Saying what you mean and meaning what you say is always good practice, and bringing together all concerned parties to address any conflict generally closes with successful results. The Adhesive and Sealant Council and its members have, for some time, recognized the importance of providing materials to the building construction industry that will contribute to making buildings of the 21st century “greener” and more energy efficient. We also believe that to accomplish this goal, all parties involved in the process must come together to develop rating systems and standards in a data-driven, performance-based consensus process that is supported by science.

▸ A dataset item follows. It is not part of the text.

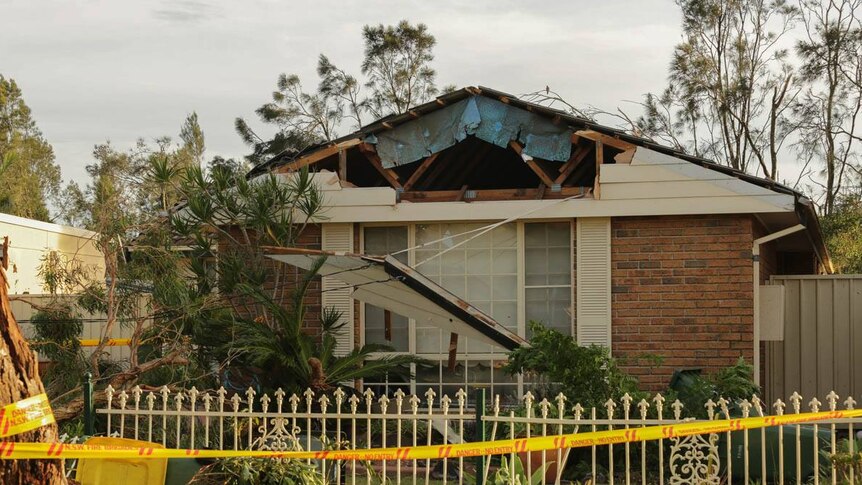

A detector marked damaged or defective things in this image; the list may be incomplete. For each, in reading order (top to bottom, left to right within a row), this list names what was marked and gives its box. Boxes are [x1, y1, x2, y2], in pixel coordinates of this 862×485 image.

Using an American National Standards Institute (ANSI) process to develop any rating system or standard should seem to be just the right approach. Interestingly, the U.S. Green Building Council (USGBC) is proud to proclaim that it has been accredited as an official Standard Developing Organization by ANSI. It would seem logical that with this accreditation, the USGBC would use the ANSI process when developing revisions to the LEED (Leadership in Energy and Environmental Design) rating system. After all, why spend the time and expense of becoming a standards developing organization if you are not going utilize the process?
Unfortunately, as witnessed this spring in the most recent efforts to revise the LEED 2009 rating system, an ANSI process approach was never in the cards. By the USGBC’s own admission, the LEED 2012 proposal generated more than 18,000 comments, yet I would guess that a handful, if any, of those comments or criticisms have been directly addressed by the NGO. Rather than actually undertaking an ANSI standards development process that calls for explanation and negotiation when confronted with negative comments, it seems the USGBC would rather obfuscate, backfill, or just throw a “Hail Mary pass” in the hope that everyone will just go away and let them get back to saving the planet one green building at a time.
Here’s one example. When LEED 2012 was initially proposed this spring, there was no hint that the USGBC was considering a material credit linked to the de-selection of certain chemicals in products. A second version of the proposal was introduced in March that mysteriously included an Avoidance of Chemicals Concern credit that effectively placed an arbitrary restriction on the use of a wide range of chemicals, including every chemical listed in California’s Prop 65 Rule. Understandably, this generated a groundswell of criticism, so the USGBC shifted gears once again at the 11th hour and incorporated the European Union’s REACH (Registration, Evaluation, Authorization and Restriction of Chemicals) regulations as a benchmark tool for determining whether a chemical should be delisted. The USGBC had never referenced the REACH regulation in the LEED rating system, yet it seemed willing to grab at this last-minute straw in the hope of quelling criticism.
The USGBC has apparently recognized that this approach to standards development has left a lot of those impacted dissatisfied with the results. It recently announced it had renamed the rating system revision (LEED v.4) and delayed the final vote until next year; a fifth revision is due in October. Maybe this time, in getting to that version, the USGBC will try to incorporate the kind of consensus approach that is expected of a real ANSI Standard Developing Organization. I know Horton and I will be watching.